• **Extracted information**:
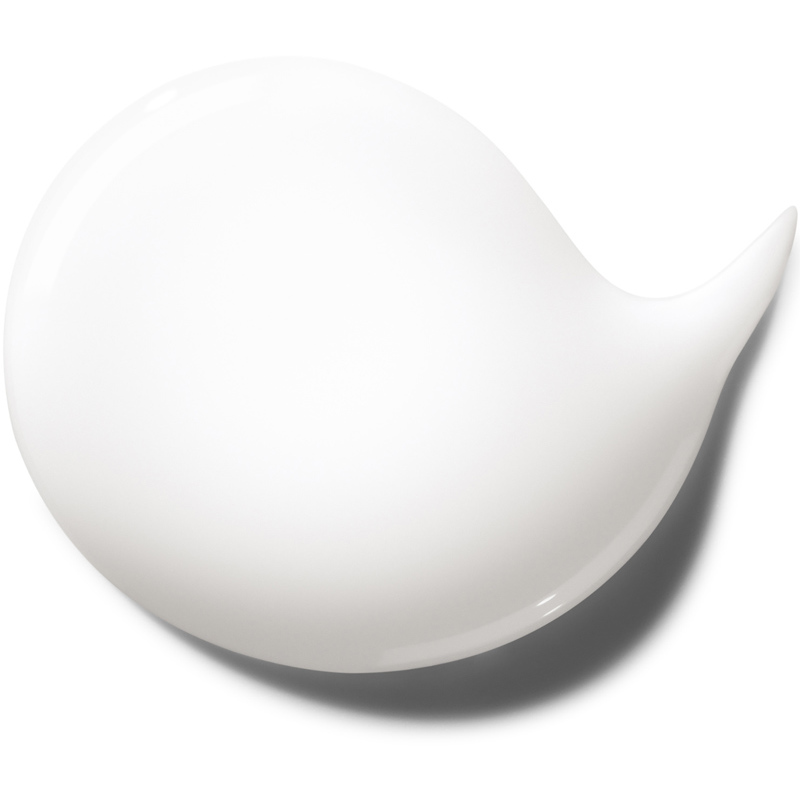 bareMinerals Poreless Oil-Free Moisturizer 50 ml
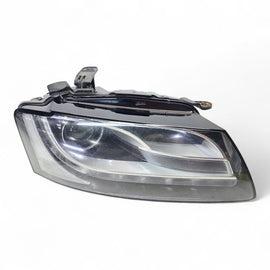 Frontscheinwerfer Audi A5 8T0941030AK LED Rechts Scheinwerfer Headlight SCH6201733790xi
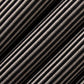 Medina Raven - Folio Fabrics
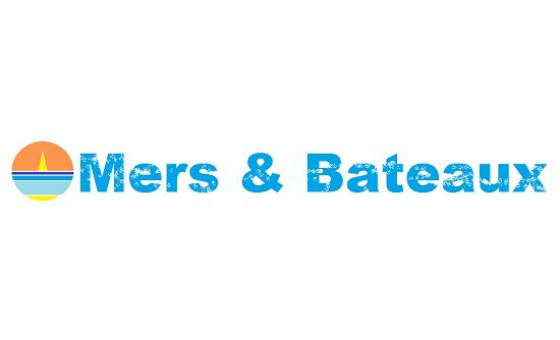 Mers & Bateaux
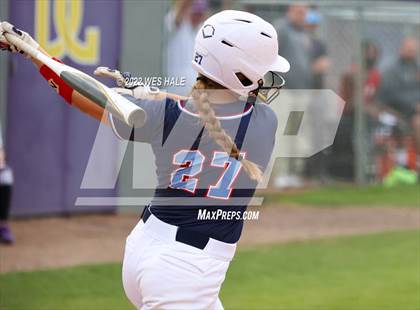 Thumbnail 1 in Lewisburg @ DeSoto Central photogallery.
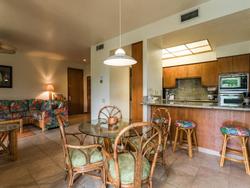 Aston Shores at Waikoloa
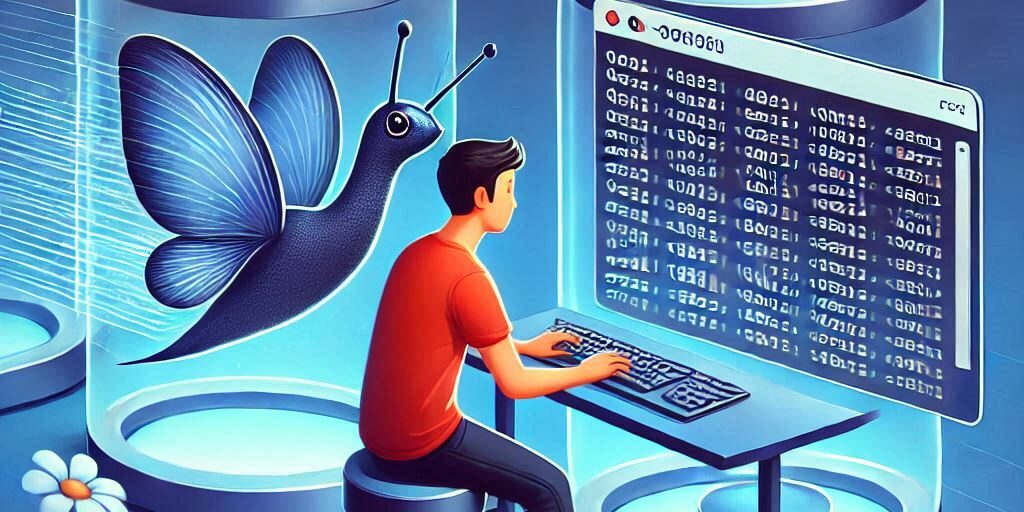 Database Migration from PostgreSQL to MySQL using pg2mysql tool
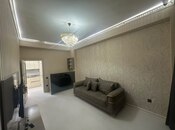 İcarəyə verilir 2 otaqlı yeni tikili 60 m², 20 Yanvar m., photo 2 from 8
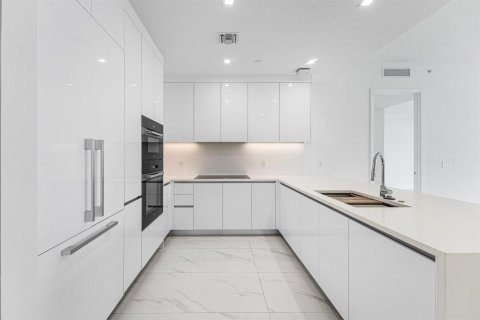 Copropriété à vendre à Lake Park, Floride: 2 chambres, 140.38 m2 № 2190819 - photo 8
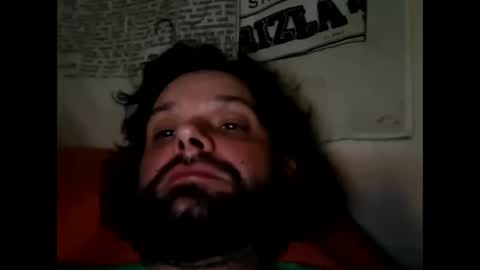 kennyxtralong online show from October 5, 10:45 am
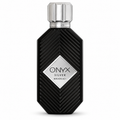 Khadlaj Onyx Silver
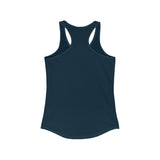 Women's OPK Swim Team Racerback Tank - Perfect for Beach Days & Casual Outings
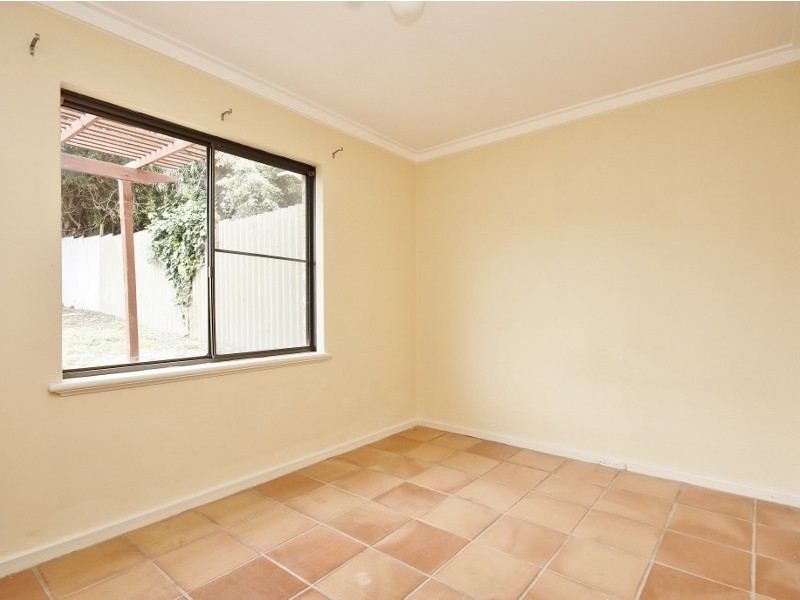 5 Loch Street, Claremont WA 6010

• **The problem**: Would you set down, word for word, the lines running from the one that contains "Mers & Bateaux" to the last line of the material, omitting all pictures?

• **Answer space**:
 Mers & Bateaux
 Thumbnail 1 in Lewisburg @ DeSoto Central photogallery.
 Aston Shores at Waikoloa
 Database Migration from PostgreSQL to MySQL using pg2mysql tool
 İcarəyə verilir 2 otaqlı yeni tikili 60 m², 20 Yanvar m., photo 2 from 8
 Copropriété à vendre à Lake Park, Floride: 2 chambres, 140.38 m2 № 2190819 - photo 8
 kennyxtralong online show from October 5, 10:45 am
 Khadlaj Onyx Silver
 Women's OPK Swim Team Racerback Tank - Perfect for Beach Days & Casual Outings
 5 Loch Street, Claremont WA 6010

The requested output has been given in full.